There has been State violence against the Zapatistas, the Permanent Tribunal of the Peoples concludes

** The integral repair of damages is obliged, it resolves in the pre-hearing

** Sufficient evidence is available “to presume the commission of crimes against humanity”

By: Hermann Bellinghausen, Envoy

San Cristóbal de Las Casas, Chiapas, July 19, 2014

In El Limonar community, in the jungle north of Ocosingo, they held a pre-hearing this Friday of the Permanent Tribunal of the Peoples (TPP, its initials in Spanish), an international instance that will culminate its México chapter next November, when “it will denounce and make visible to national and international public opinion the grave human rights violations that the State committed,” unpunished as of this date.

The tribunal considers that there is sufficient evidence “to presume the commission of crimes against humanity” by the Mexican State, which “identified certain populations that constituted or were able to constitute a social base for the Zapatista National Liberation Army (EZLN, its initials in Spanish) and, based on that, defined an ‘internal enemy,’ the object of a counterinsurgency strategy that included thousands of Tzotzil, Tzeltal, Chol and Zoque civilians, belonging to Las Abejas, Xi’nich [1], sympathizers and the EZLN’s support bases.”

The pronouncement emphasizes that State violence was not directed “only against combatants, but also against the non-combatant civilian population, including children,” which “demonstrates that the only factor common to all the victims was their belonging to determined organizations,” and shows that these acts were committed “with the intention of destroying such groups totally or partially.”

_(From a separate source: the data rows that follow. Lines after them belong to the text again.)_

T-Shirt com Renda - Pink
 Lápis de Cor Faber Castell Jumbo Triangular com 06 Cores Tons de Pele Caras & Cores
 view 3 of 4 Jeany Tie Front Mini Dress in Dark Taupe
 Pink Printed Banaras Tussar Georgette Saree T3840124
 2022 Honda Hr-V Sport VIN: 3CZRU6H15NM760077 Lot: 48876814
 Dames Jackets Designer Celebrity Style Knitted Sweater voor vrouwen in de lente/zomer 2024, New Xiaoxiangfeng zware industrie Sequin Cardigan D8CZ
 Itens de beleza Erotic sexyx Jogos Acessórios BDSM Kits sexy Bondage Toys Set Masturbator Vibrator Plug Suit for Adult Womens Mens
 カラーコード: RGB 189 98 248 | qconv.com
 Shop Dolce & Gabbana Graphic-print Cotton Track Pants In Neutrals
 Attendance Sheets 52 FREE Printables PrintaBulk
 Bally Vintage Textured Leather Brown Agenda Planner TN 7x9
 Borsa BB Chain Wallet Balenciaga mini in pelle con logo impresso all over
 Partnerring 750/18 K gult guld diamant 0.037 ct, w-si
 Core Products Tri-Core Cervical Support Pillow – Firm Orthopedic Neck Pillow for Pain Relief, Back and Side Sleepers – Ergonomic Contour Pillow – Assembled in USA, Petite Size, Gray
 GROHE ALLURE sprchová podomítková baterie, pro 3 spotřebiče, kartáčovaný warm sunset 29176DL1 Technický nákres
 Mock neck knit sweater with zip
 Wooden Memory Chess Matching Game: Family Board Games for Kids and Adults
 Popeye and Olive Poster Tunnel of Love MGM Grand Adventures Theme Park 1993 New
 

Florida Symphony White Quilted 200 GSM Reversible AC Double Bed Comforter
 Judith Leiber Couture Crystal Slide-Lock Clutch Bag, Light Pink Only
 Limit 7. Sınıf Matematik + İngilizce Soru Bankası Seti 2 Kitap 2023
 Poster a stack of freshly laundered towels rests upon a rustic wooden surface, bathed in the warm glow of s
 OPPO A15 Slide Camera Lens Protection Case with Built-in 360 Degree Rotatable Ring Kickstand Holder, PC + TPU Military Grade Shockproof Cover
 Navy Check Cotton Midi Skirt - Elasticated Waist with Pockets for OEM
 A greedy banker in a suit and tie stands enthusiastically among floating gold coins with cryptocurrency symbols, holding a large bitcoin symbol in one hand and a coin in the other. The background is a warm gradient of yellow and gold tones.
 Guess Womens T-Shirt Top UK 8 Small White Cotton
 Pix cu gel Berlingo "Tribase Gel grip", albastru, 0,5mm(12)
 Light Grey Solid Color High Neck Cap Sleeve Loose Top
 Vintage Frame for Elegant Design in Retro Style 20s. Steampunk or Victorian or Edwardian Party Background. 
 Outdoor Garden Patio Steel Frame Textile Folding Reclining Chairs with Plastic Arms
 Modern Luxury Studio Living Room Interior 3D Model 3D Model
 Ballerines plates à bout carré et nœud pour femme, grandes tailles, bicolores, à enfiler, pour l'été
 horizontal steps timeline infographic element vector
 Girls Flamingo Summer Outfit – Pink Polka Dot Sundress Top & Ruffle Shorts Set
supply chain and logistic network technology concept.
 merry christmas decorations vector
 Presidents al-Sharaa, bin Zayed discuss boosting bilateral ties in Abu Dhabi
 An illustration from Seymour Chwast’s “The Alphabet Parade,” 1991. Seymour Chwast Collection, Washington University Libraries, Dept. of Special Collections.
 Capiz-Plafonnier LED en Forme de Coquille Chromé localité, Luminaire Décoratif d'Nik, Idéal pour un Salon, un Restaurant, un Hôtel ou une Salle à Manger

Witnesses and survivors of acts of great violence in Chol communities of the Northern Zone participated in El Limonar (Jolnixtié Sección I, Miguel Alemán, Usipá, El Limar, Saquil, Susuclumil, Masojá Shucjá, Masojá Grande y Chuctiejá); Tzotziles of Chenalhó, members of Civil Society Las Abejas of Acteal, and those displaced from Viejo Velasco, all “victims of the war strategy of counterinsurgency and of extermination contemplated in the Chiapas 94 Campaign Plan and implemented by the Mexican government at the start of the EZLN’s armed uprising, which yielded as a consequence dozens of forced disappearances, murders, forced displacements, sexual violence and massacres: crimes against humanity that continue unpunished,” exposes the pronouncement of the pre-hearing.

The pre-hearing was convoked by 50 national and international popular, student, social and human rights organizations, as well as the 74 organisms that make up the National Network of Civil and Human Rights Organisms All Rights for All, the Network of Community Radios (AMARC, its initials in Spanish) that groups together 35 radio projects, the 42 organizations from the National Campaign Against Forced Disappearance in Mexico, and Chiapas Peace Network, made up of 10 organizations.

Alejandro Cerezo Contreras, Alejandro de Jesús Martínez Martínez, and the Tzeltal arrangers Carlos Núñez Ruiz and Juan Méndez Gutiérrez, Joel Heredia and Rubén R. García Clark participated as national judges. They decided that the three cases examined “are framed within social and political struggles of the peoples and communities for the recognition and vindication of the identity and indigenous rights.”

The tribunal resolved that: “violations were committed to the human rights of the indigenous peoples in the Northern Zone, Viejo Velasco [2] and Acteal, by conduct that derived from the behavior of paramilitary groups like Paz y Justicia, or residents of the Nueva Palestina community, or in Chenalhó, always “organized by federal, state and municipal authorities.” [Emphasis supplied.]

The Mexican State “is obligated to integrally repair the damages,” the tribunal determined. It recognized in the declarants firmness, dignity, certainty of their memory, and a search for justice and truth. It also recognized “their bravery before the threats that can emerge after pre-hearings.”

Finally, the TPP said it observed with concern the events in the La Realidad community, “where José Luis Solís López (Votán Galeano) was extra-judicially executed, signifying the continuity of the counterinsurgency policy in Chiapas.”

[1] Xi’nich means “The ants” in Chol, a Mayan language. It originated as an indigenous Catholic campesino organization, similar to Las Abejas (the Bees). Its members lived in Viejo Velasco.